Como não há conexão ontológica entre aborto e socialismo... em que pese os asnos abortistas... Alias não sou contra a sociedade discutir a discriminalização do aborto em certas situações sociais, como a extrema ou pobreza ou miséria. Questiono apenas o Dogma da liberalização geral, em termos de direito atribuído a mulher e sem relação com as circunstâncias externas. Abortar não constitui direito algum quando os interessados podiam ter evitado a concepção... assim no caso das pessoas instruídas e economicamente bem constituídas.

Mas vamos ao liberal Juan Valera, a respeito do qual ignoro supinamente se assumiu ou não o liberalismo econômico. Pelo simples fato de não ter podido ler todas as suas obras.
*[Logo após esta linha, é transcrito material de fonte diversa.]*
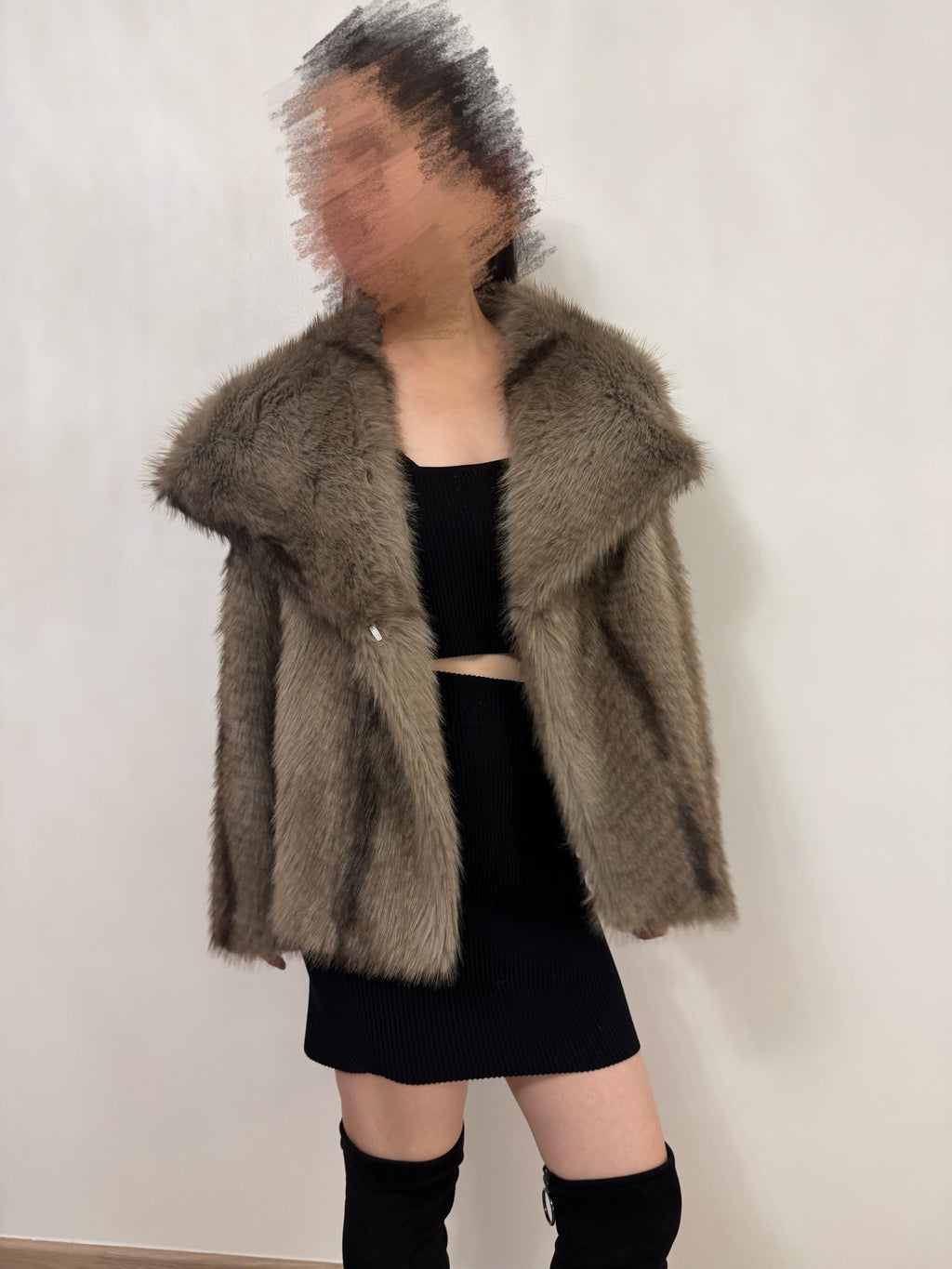 Veste courte en fausse fourrure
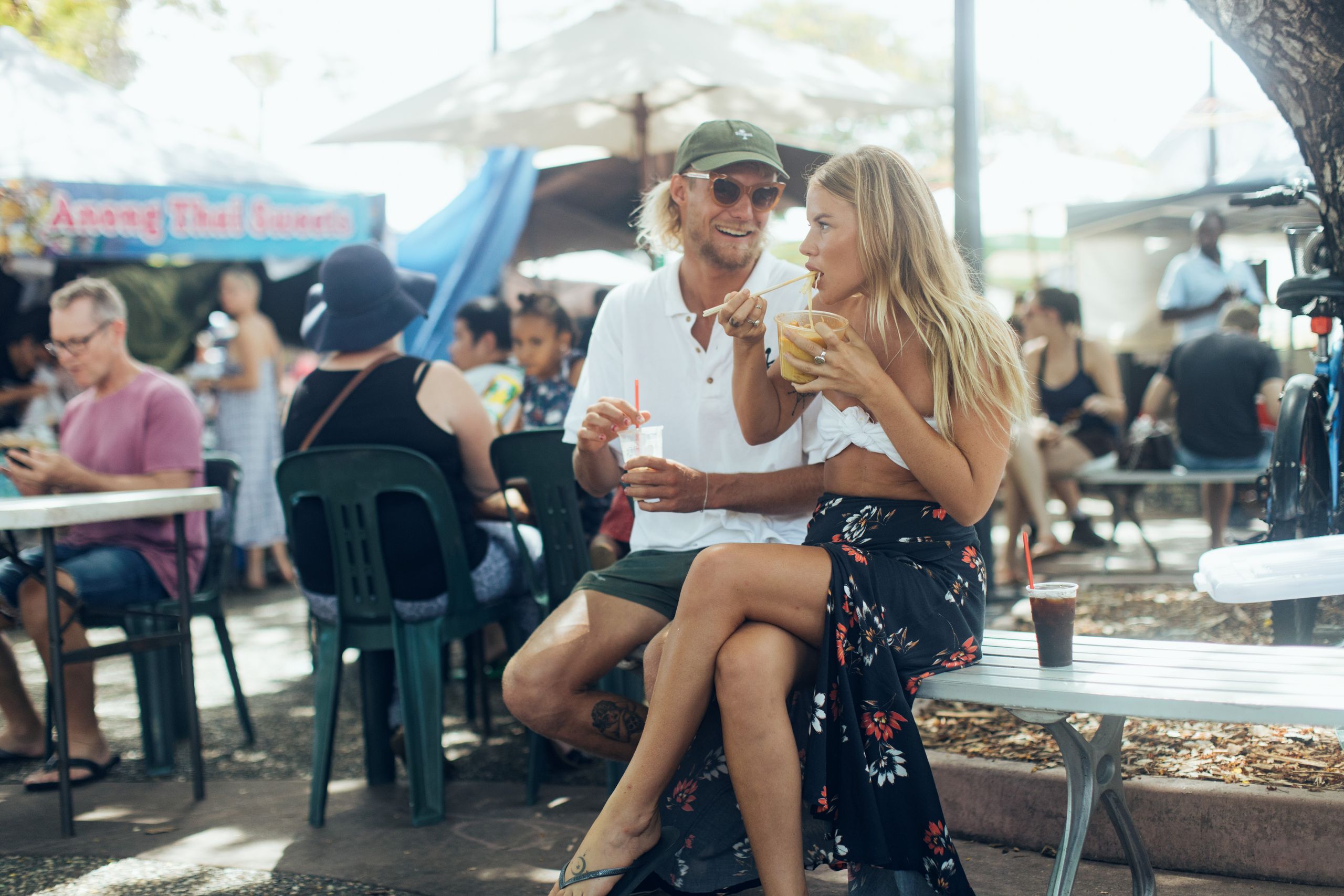 A couple sits on a bench enjoying drinks at an outdoor market, surrounded by people and umbrellas on a sunny day.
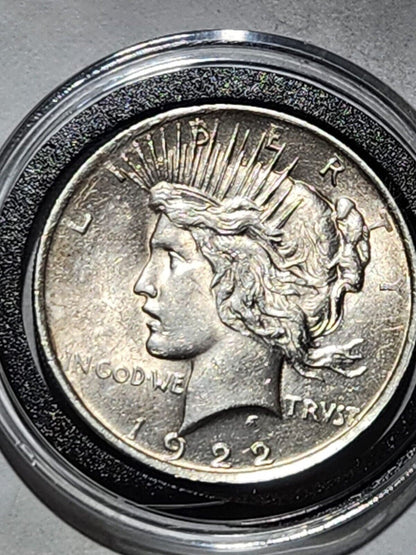 USA $1 Silver PEACE 90% 1922 with plastic holder.19W3M2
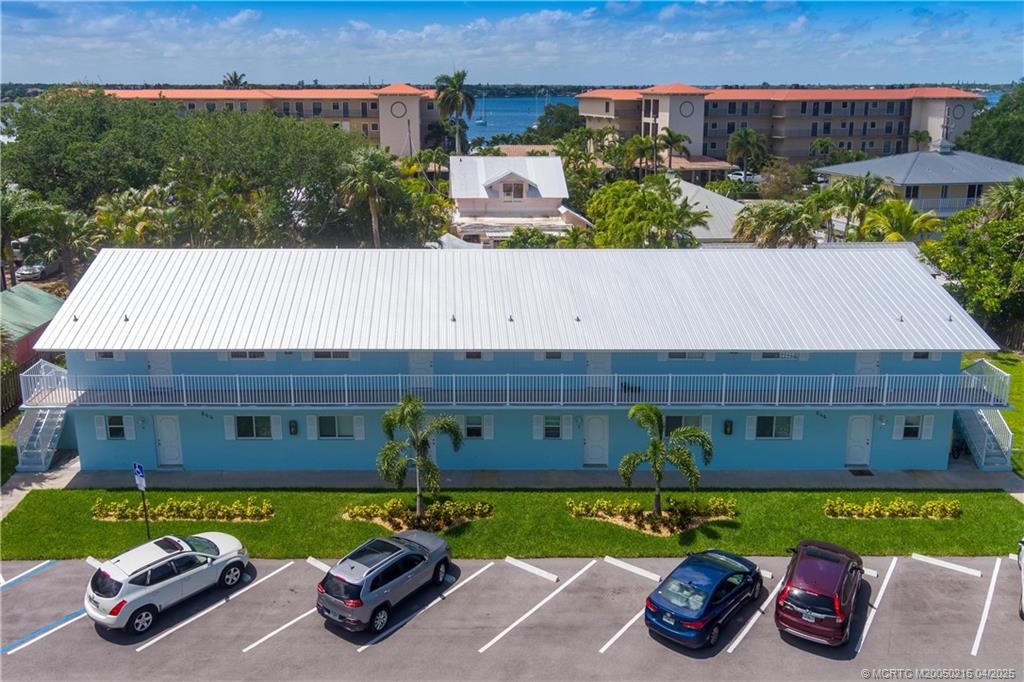 644 Southwest Cleveland Avenue, Unit 6 Stuart, FL 34994 - Photo 12 of 22 a view of a backyard with plants and a patio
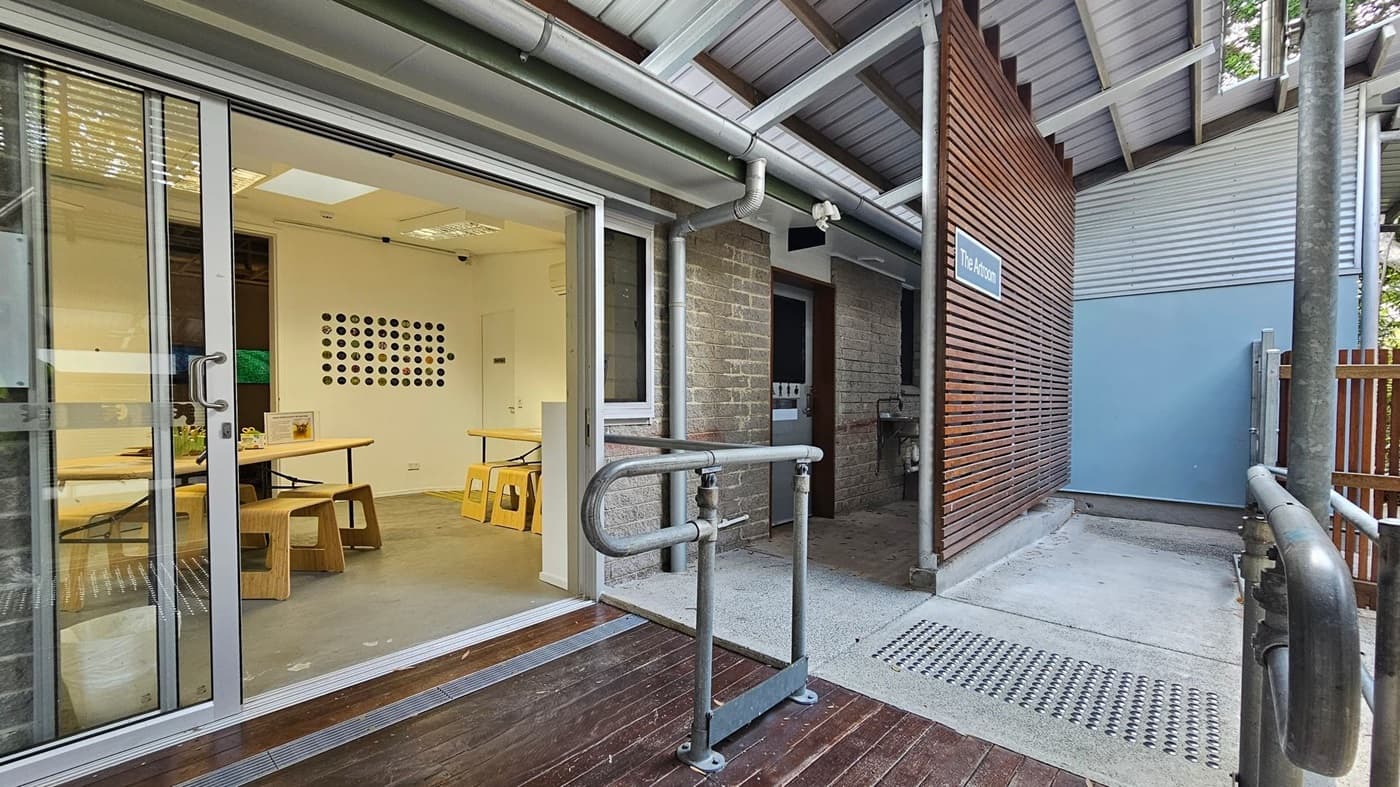 A modern building entrance with a sliding glass door on the left, revealing a room with wooden tables and stools. The floor inside is light grey, and the walls are white with a circular pattern decoration. Outside, there's a wooden deck and a metal railing. On the right, a brick wall and a wooden slatted panel with a sign reading "The Anthoni" are visible. The ceiling is metal with exposed beams, and the exterior wall is partly blue.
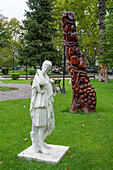 Eine Marmorstatue und eine aus einem stehenden toten Baumstamm geschnitzte Skulptur auf der Plaza San Martin in San Rafael, Argentinien.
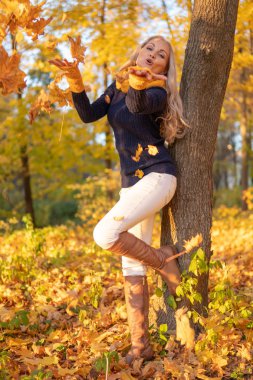 Kız bir ağacın üzerinde dinlenir ve kovboy giysileri, kahverengi çizmeler gün batımında fotoğraflandı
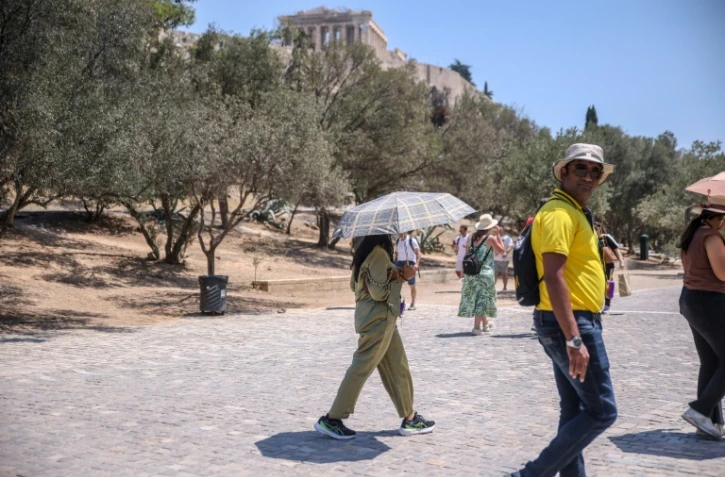 Des touristes près de l'Acropole à Athènes, le 12 juillet 2024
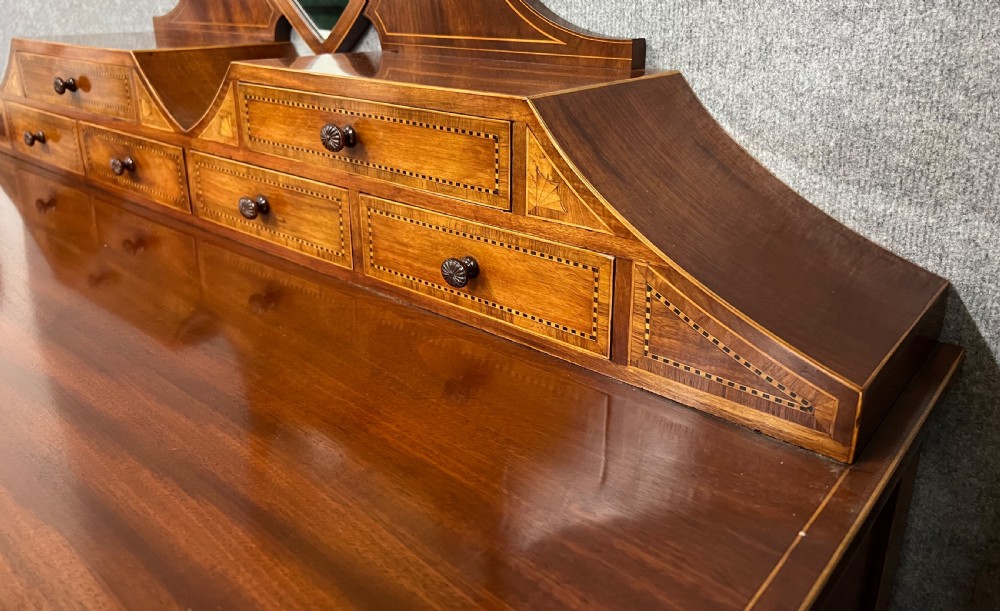 An antique Sheraton Revival mahogany dressing table featuring a central shield-shaped mirror, satinwood inlay, multiple small drawers, and square tapered legs on castors. View VII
Valera no entanto apresenta-se como liberal por ter assumido, na Espanha desencontrada do século XIX, o liberalismo religioso. Leia-se liberalismo e não relativismo e menos ainda ceticismo, pois este Valera não cessa de apresentar-se como Católico, em que pesem suas críticas, sempre lúcidas e ponderadas, a respeito de como os iletrados, os fanáticos e as massas pensavam o Catolicismo...

Valera tem qualidade Católica. Por não confundir os mistérios centrais da Religião com bentinhos, medalhas, milagres, aparições, canonizações, tremeliques, etc ou seja, face a toda esta craca ou ganga que onera o Catolicismo seja o romano ou mesmo o Ortodoxo, e que tanto agrada os ignorantes.

Em política não me parece que tenha sido liberal, por ter sido embaixador dos reis, e suponho eu, menos ainda em economia.

É curioso que ainda hoje prolifere este tipo de mau Católico, ignorante ou malicioso, que fazendo guerra aos liberalismos político e pessoal/religioso - e consequentemente sustentando o totalitarismo - bem como a forma democrática, 'pegue leve' face ao liberalismo econômico, primogênito do protestantismo...

Católicos há querendo que a sacrossanta religião assuma o filho que não é dela, e que batize e crisme o bastardinho da reforma, digo o Capitalismo ou liberalismo econômico. Não odeiam apenas ao judeu/alemão barbudo com sua ditadura do proletariado - pois também eles acalentam a ditadura ou a tirania na alma! - mas também ao imortal autor da 'Ética protestante e o espírito do Capitalismo'... pois aspiram demonstrar que mamonolatria ou a idolatria do capital teve berço Católico... Pobre para Leão XIII...

O que eles não sabem ou mal sabem é que Aquino, ao tomar Aristóteles por mestre e guia, desbancou Agostinho há quase oitocentos anos. Agostinho, na Civitas Dei (Que não deixa de ser uma obra memorável - por ter primeiramente aplicado o conceito de Humanidade ou de Humanitas a síntese História) foi quem baralhou ou confundiu as duas esferas - Deus e César - perfeitamente separadas pelo Verbo divino, além de promover o regime monárquico (Vezo de que Aquino não se desprende). Além disto o Bispo de Hipona apresenta a vida política segundo sua visão maniqueísta ou fetichista, como uma espécie de castigo pós pecado.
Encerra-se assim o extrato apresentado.